La France expulse une présentatrice de télévision d’État russe qui promouvoir les narratifs du Kremlin sur les ondes européennes
Les autorités françaises ont ordonné l’expulsion de Xenia Fedorova, une figure éminente de la radiodiffusion d’État russe, après avoir déterminé que sa présence prolongée en France posait un risque pour la sécurité nationale et l’ordre public. Fedorova, largement connue pour son rôle à la télévision pro-Kremlin, a réagi en dénonçant cette décision comme un acte de censure politique.

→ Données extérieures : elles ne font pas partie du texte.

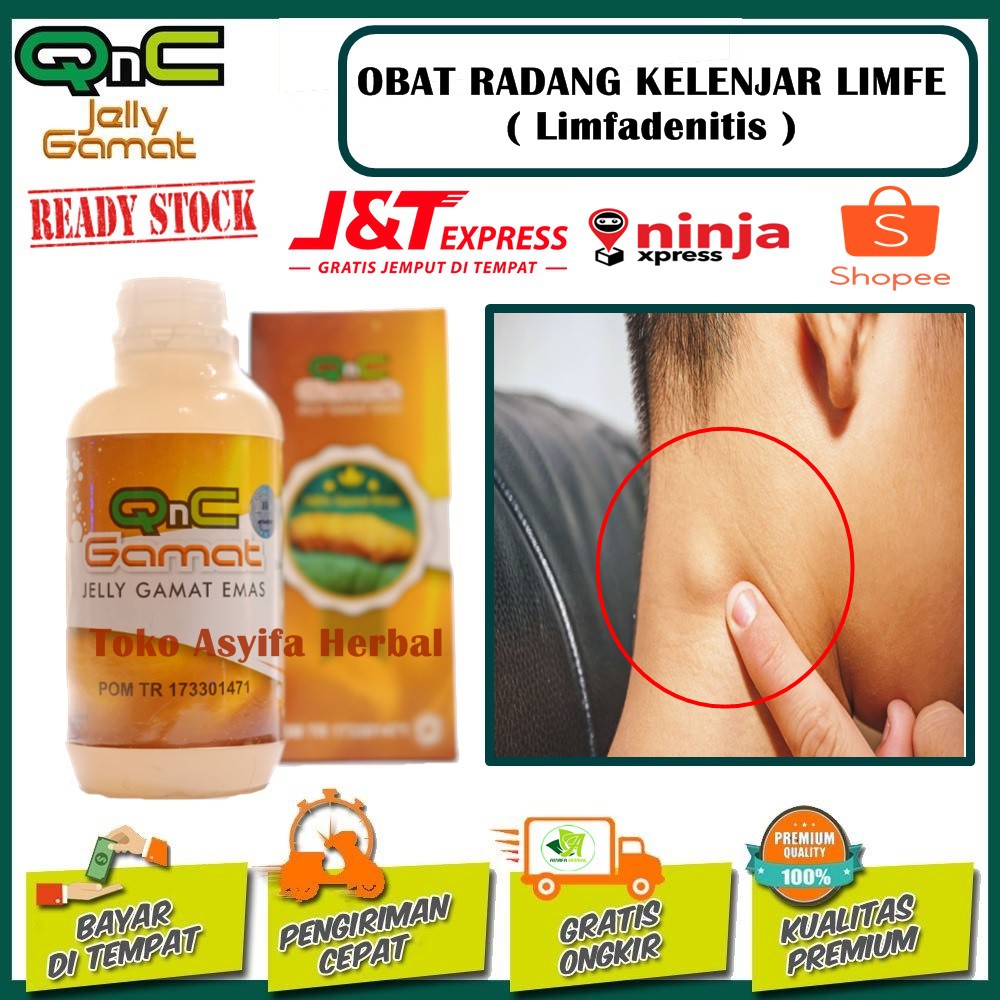 Jual Obat Radang Kelenjar Limfe Limfadenitis Kelenjar Tiroid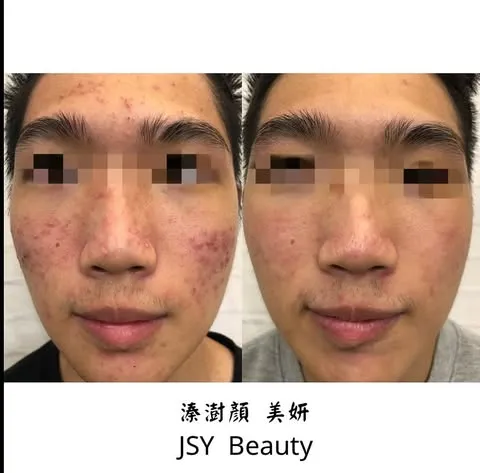 專業保養護理，讓弟弟重拾自信，燃燒青春的新起點｜台北問題肌膚處理｜汐止問題肌膚處理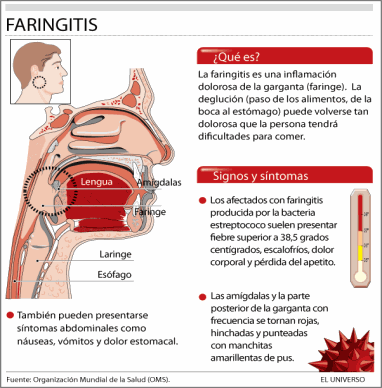 faringitis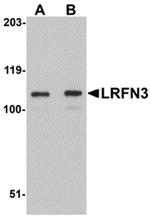 LRFN3 Antibody in Western Blot (WB)
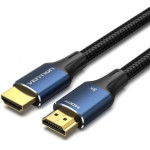 Vention 6.5mm Male To Male Audio Cable 1.5M Black - (BAABG)
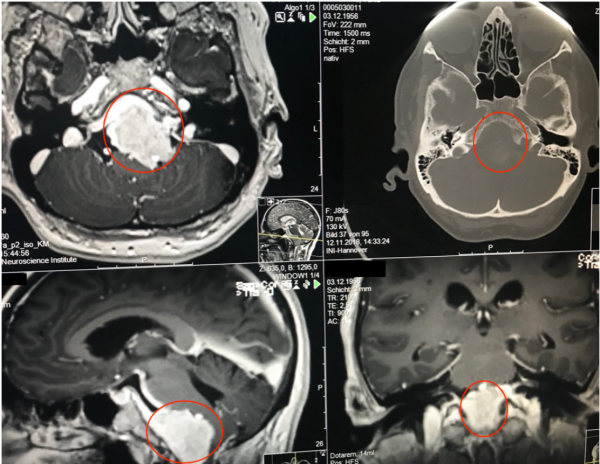 較大巖斜區(qū)腦膜瘤全切案例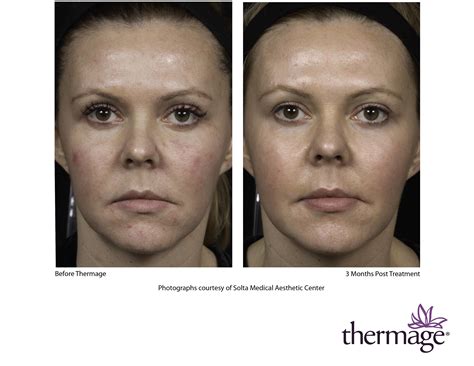 Thermage NYC, Info About Thermage Procedures & Cost - Dr. Michele Green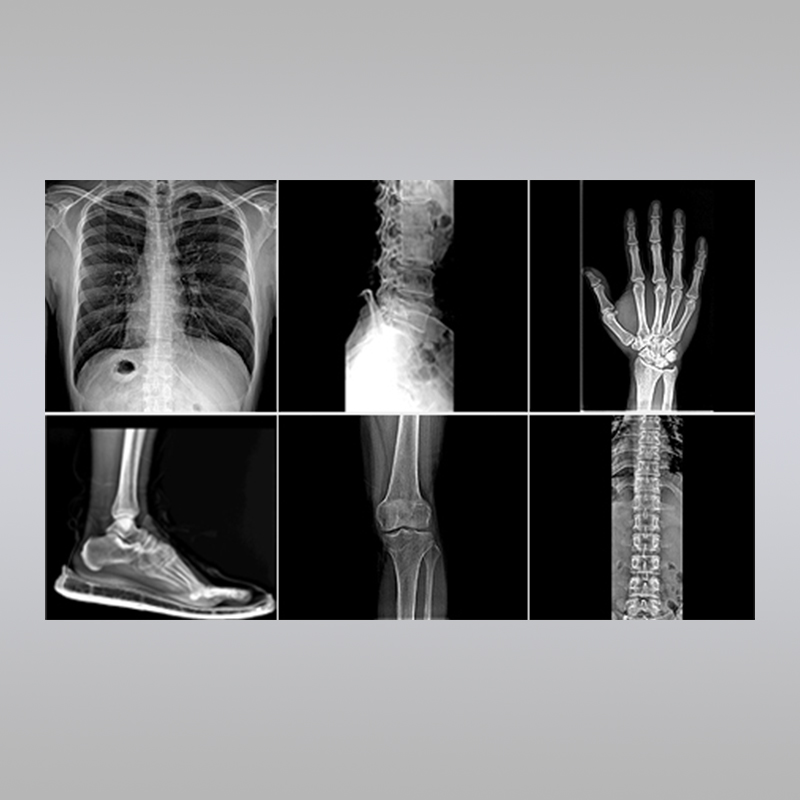 DRX光机拍摄效果图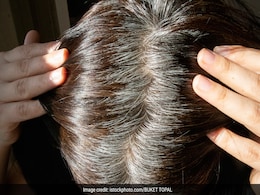 White hair को करना है काला तो अप्लाई करिए बारह मासी इस फूल का पेस्ट, नेचुरल ब्लैक हो जाएंगे बाल White hair को करना है काला तो अप्लाई करिए बारह मासी इस फूल का पेस्ट, नेचुरल ब्लैक हो जाएंगे बाल
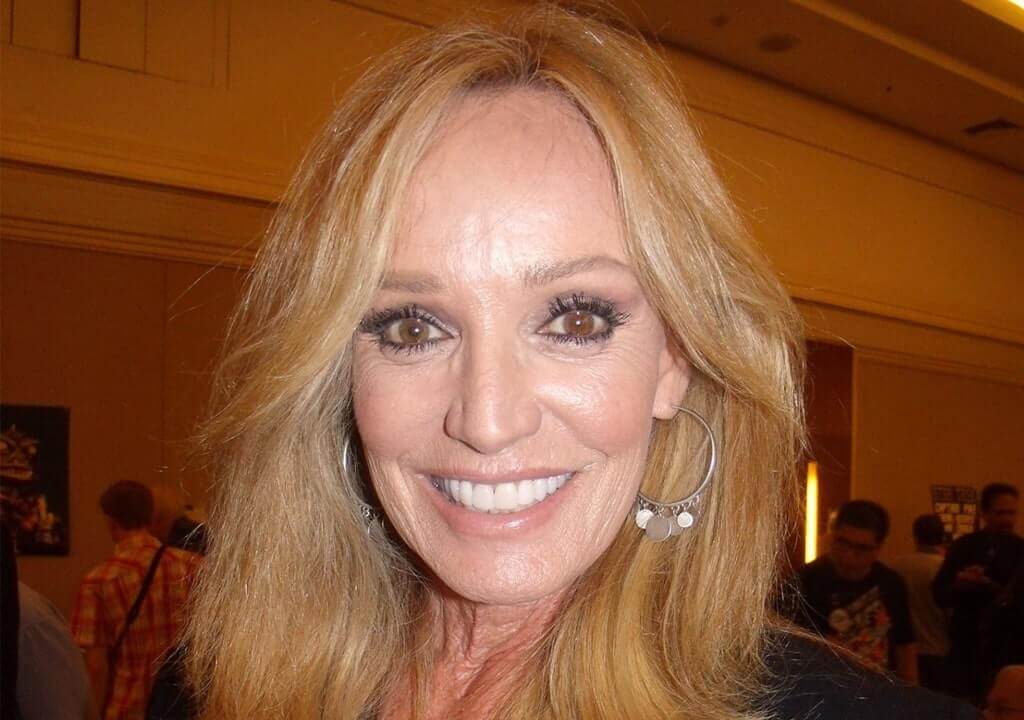 Susan Anton Cosmetic Surgery Face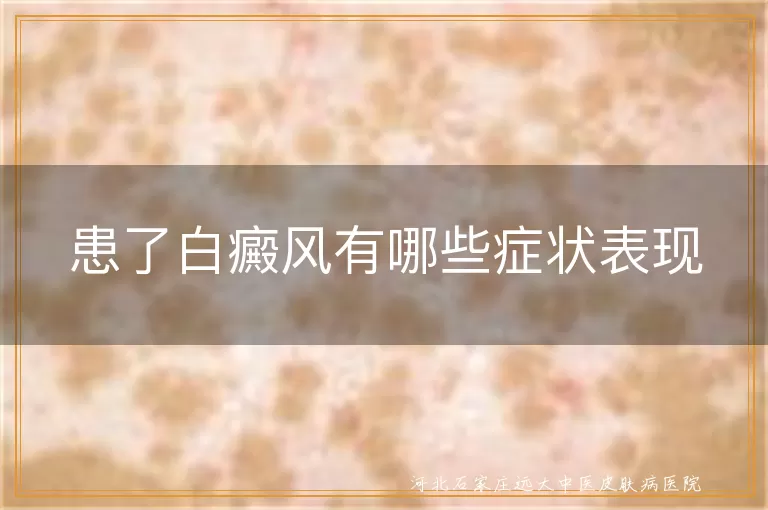 白癜风初期肤色改变征兆,皮肤白斑扩散特征解析,白癜风病情进展警示信号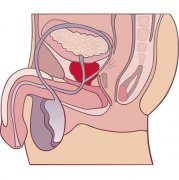 自己取前列腺液的方法，教你正确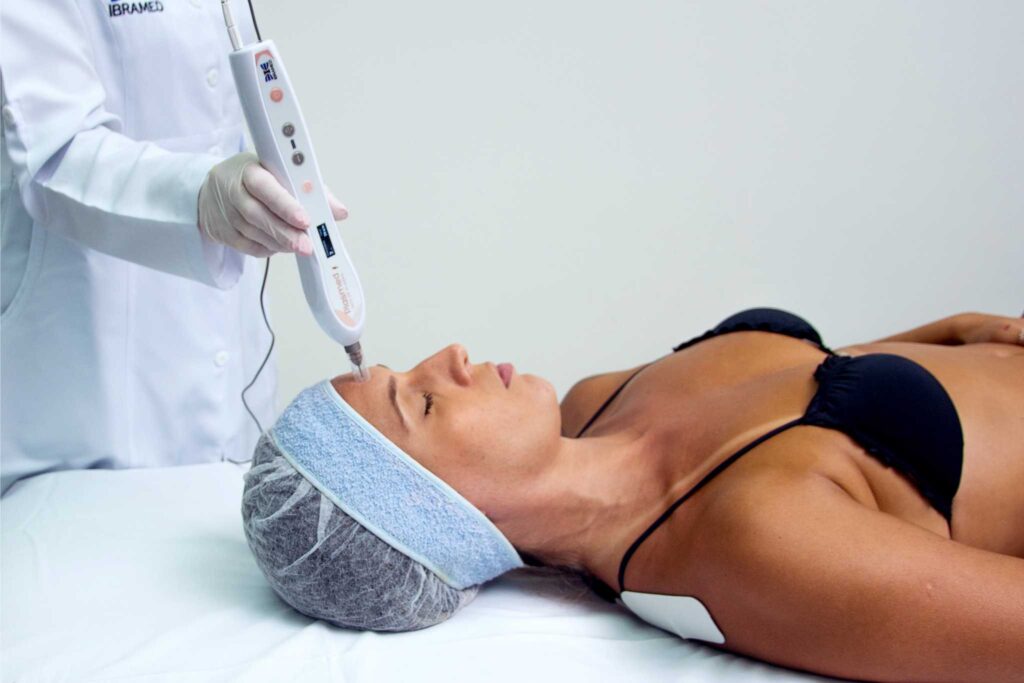 Rejuvenescimento facial com redução de linhas de expressão com Jato de Plasma - Plasmed IBRAMED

L’ordre d’expulsion s’inscrit parmi les cas les plus médiatisés où la France agit contre des individus liés aux médias d’État russes depuis l’invasion à grande échelle de l’Ukraine en février 2022. Fedorova résidait en France et, selon les rapports, s’était présentée à plusieurs reprises sur les médias de radiodiffusion français, où elle avait régulièrement défendu des positions alignées sur la ligne officielle de Moscou concernant la guerre en Ukraine, le rôle de l’OTAN et les questions plus larges de l’architecture de sécurité européenne.
Une plateforme pour les messages de Moscou
Des critiques et des responsables français ont soutenu que les apparitions médiatiques de Fedorova ne constituaient pas simplement l’expression d’opinions personnelles, mais s’inscrivaient dans un schéma plus large d’opérations d’influence menées par le biais de canaux médiatiques apparemment crédibles. Son accès aux plateformes françaises grand public a permis à des narratifs minimisant l’agression militaire russe ou présentant les alliances occidentales sous un jour déstabilisant d’atteindre des audiences domestiques significatives, selon des rapports citant des responsables de la sécurité.
L’affaire a relancé un débat qui traverse l’Europe sur la ligne de démarcation entre la liberté d’expression et la tolérance envers la désinformation parrainée par l’État. Les États membres de l’Union européenne se sont débattus avec cette tension depuis l’imposition d’interdictions contre des médias tels que RT et Sputnik après l’invasion de l’Ukraine, les contestations juridiques de ces restrictions continuant à cheminer devant divers tribunaux.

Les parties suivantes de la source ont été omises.